В самом «тузике», в этой зыбкой передаточной инстанции, стоял Визгин. Двое моряков из команды охотника, увидев, как один из разведчиков, перебираясь с качавшегося «тузика» на второй трап, плюхнулся в воду, решили помочь остальным. Они встали по пояс в ледяной воде по обеим сторонам трапа и начали одного за другим принимать на руки тех, кто слезал. Принижали и доводили до конца трапа. Дальнейшее было делом собственной ловкости. Кто прыгал лучше, тот мочил себе ноги до колен, а тот, кому это не удавалось, проваливался в воду и выше колен и по пояс. Я, к сожалению, тоже оказался не из ловких. Перспектива шагать по горам, по снегу, в мороз двенадцать или пятнадцать километров в мокрых сапогах и штанах была не особенно заманчивой, по ничего не оставалось делать.
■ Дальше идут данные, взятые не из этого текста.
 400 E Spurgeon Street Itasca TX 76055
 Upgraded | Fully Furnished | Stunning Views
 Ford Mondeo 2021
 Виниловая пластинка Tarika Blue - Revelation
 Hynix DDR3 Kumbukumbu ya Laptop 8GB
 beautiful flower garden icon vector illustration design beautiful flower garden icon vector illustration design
Первые из высадившихся пошли и в глубь и вдоль пустынного берега дозорами. Все остальные высаживались уже под их прикрытием. Несмотря на маскхалаты, людей было хорошо видно даже издали — такой светлой оказалась эта ночь. Я с тревогой подумал, что, если нам не удастся незаметно подобраться к Пикшуеву мысу, нас могут в такую ночь перестрелять как куропаток. Всего нас вылезло на берег около сорока человек. По агентурным сведениям, на мысе Пикшуевом должно было стоять не больше полуроты немцев, то есть человек шестьдесят — семьдесят. При соблюдении неожиданности шансы на успех были на нашей стороне. Но при отсутствии неожиданности дело могло обернуться худо.
Едва мы вылезли на берег, морские охотники отчалили и пошли болтаться в море, поближе к берегам Рыбачьего. С нами были ракеты; после окончания операции мы должны были вызвать ими катера. А кроме того, с нами шел радист для дублирования ракет и передачи условных сигналов о помощи, если бы с нами случилось что–нибудь худое.
Мы вылезли и пошли. Впереди шел прирожденный разведчик Мотовилин, за ним еще двое, за ними Люден, за Люденом я дальше цепочкой тянулись все остальные. Инзарцев, по–моему шел замыкающим.
Мы с небольшими остановками шли эти двенадцать километров около трех часов. Двигались быстро, особенно если учесть что мы шли над самым берегом по крутым скатам прибрежных скал. Кое–где приходилось перепрыгивать со скалы на скалу с камня на камень. И это еще было ничего. Хуже было там, где попадались расщелины между скалами. Они были заметены снегом и обдуты ветрами и превратились в абсолютно гладкие и твердые, как кость, снежные откосы с очень крутым градусом наклона. Переходить такие места было особенно трудно. Несколько человек ссыпались вниз. Им помогли подняться. По счастью, обошлось без увечий. Потом ссыпался шедший впереди меня Люден. Его бросился выручать один из разведчиков и пролетел по откосу еще метров на пятнадцать ниже его.
На втором привале, лежа на снегу за скалой и потихоньку покуривая в рукава, мы вдруг вспомнили, что ведь сегодня праздничная ночь — с 6 на 7 ноября.
Среди оказавшихся около меня на этом привале людей было несколько украинцев. Пошли разговоры о Днепропетровщине и Харьковщине, о том, где их семьи. От разговоров этих веяло грустью и огромностью расстояния, отделявшего нас от всего, что мы любили.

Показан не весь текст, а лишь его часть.